После того Московского кинофестиваля были еще у нас встречи, к сожалению очень кратковременные, и был регулярный, не частный, но регулярный обмен письмами.

Прославленного кинорежиссера прогрессивных взглядов, мне думается, все более сжимали тиски мира западного кино.

Призов за новые работы в Каннах ему не присуждали. На других кинофестивалях — редко.

И он очень был рад, когда узнал, что советское издательство выпустило о нем книгу…

Недавно мы несколько минут говорили о важном — о судьбах современного коммерческого западного кино, его антигуманистичности.

Клеман с нескрываемым отвращением отозвался о некоторых модных фильмах с «начинкой», как он выразился, из секса и насилия.

— Наше искусство сейчас оказывает плохую услугу человечеству, будущему. Либертинаж (вседозволенность) оборачивается реакционностью, — сказал он.

— А может быть, в условиях западного общества — капиталистической формации — существует еще неписаный закон саморазвращения? Ведь проповедь культа насилия, преступности, скотства дает продюсерам деньги. Иначе они не раскошеливались бы на эти темы.

— Что ж, — горько усмехнулся Клеман, — в таком допущении есть зерно…

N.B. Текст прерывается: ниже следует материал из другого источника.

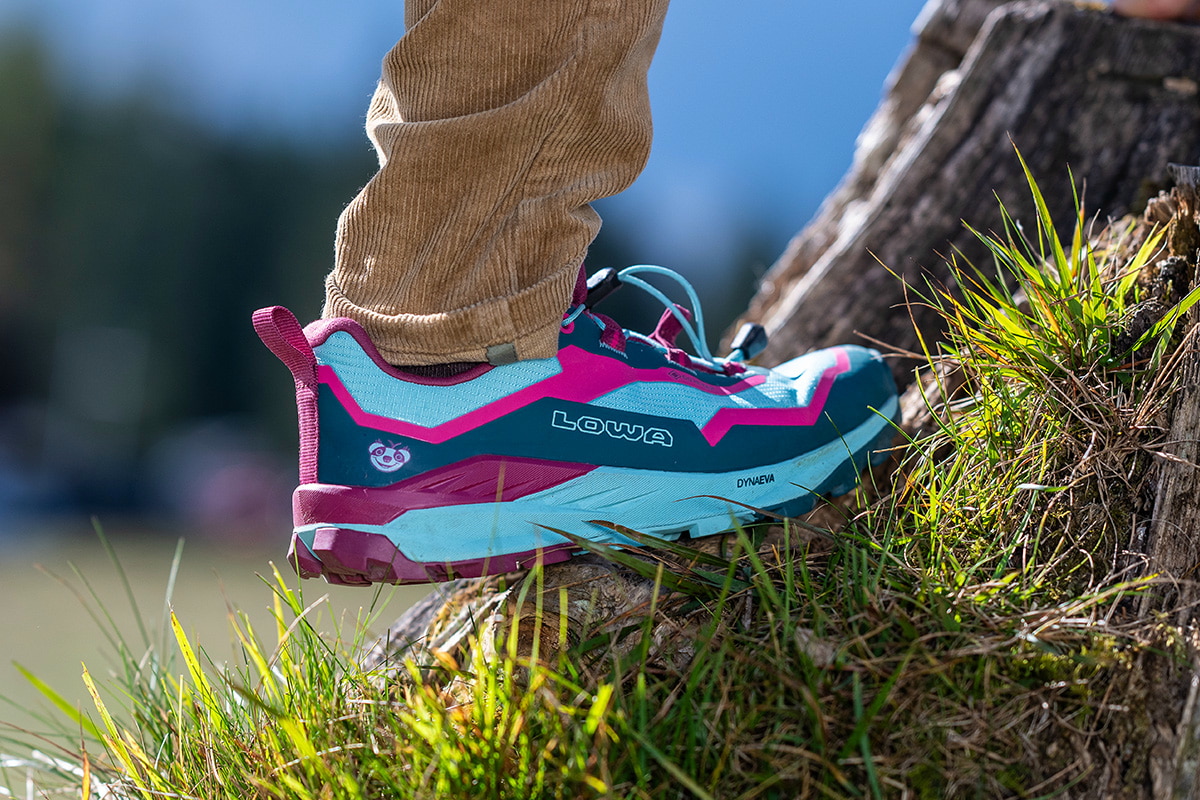 Fotografie zeigt ein Kind, das blau-pinke Wanderschuhe mit weißen Details auf einem steinigen Boden trägt. Fokus liegt auf Schuhen, während unscharfer Hintergrund Naturumgebung andeutet.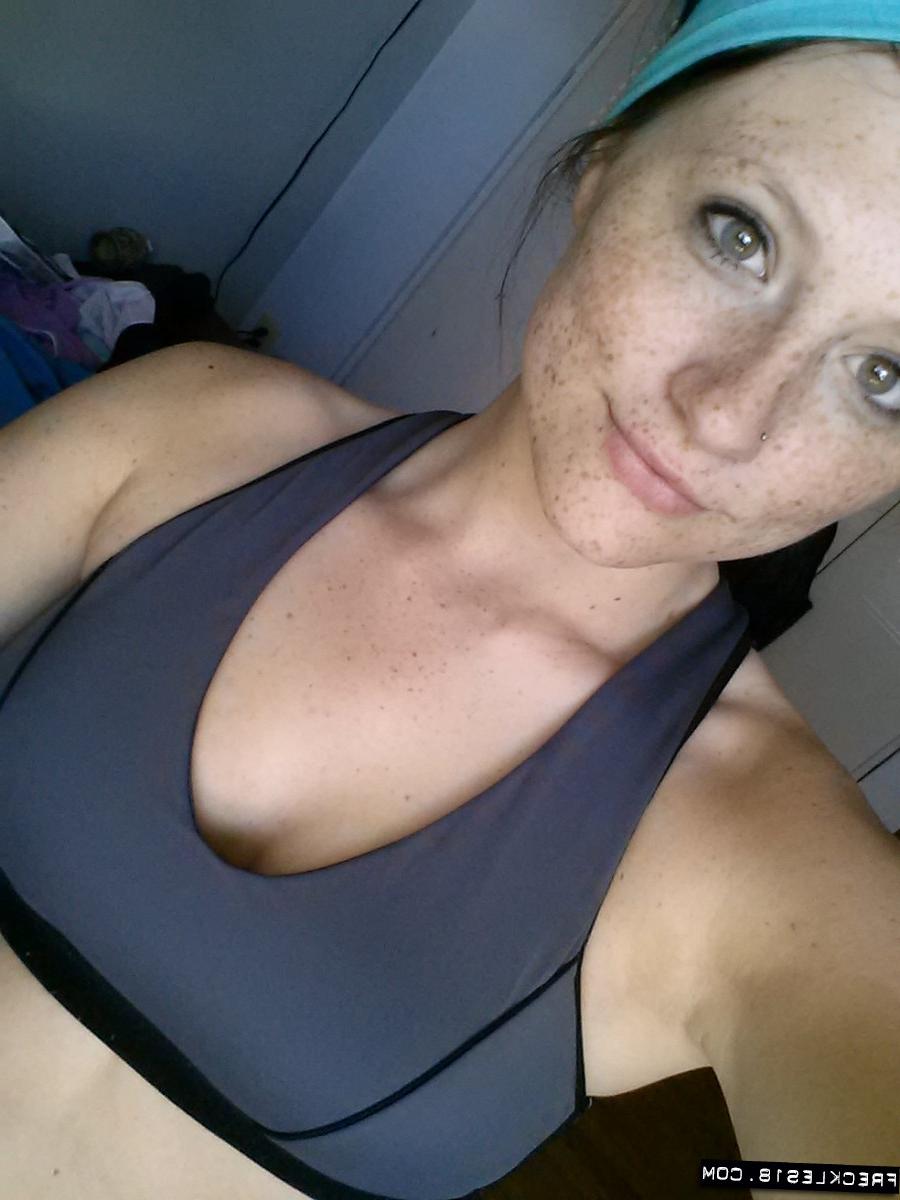 12P Pierced amateur Freckles takes self shot posing in shorts & sexy panties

А совсем недавно я получил от Рене и Беллы Клеман открытку с приветом. Незримые нити симпатии все же тянутся между нами. Я рад этому, потому что верю в Клемана как крупного художника кино, реалиста, уже немало создавшего ценного, и в то, что он еще будет снимать отличные прогрессивные фильмы и продолжать идеологическую «битву на рельсах» во имя будущего, во имя счастья грядущих поколений людей.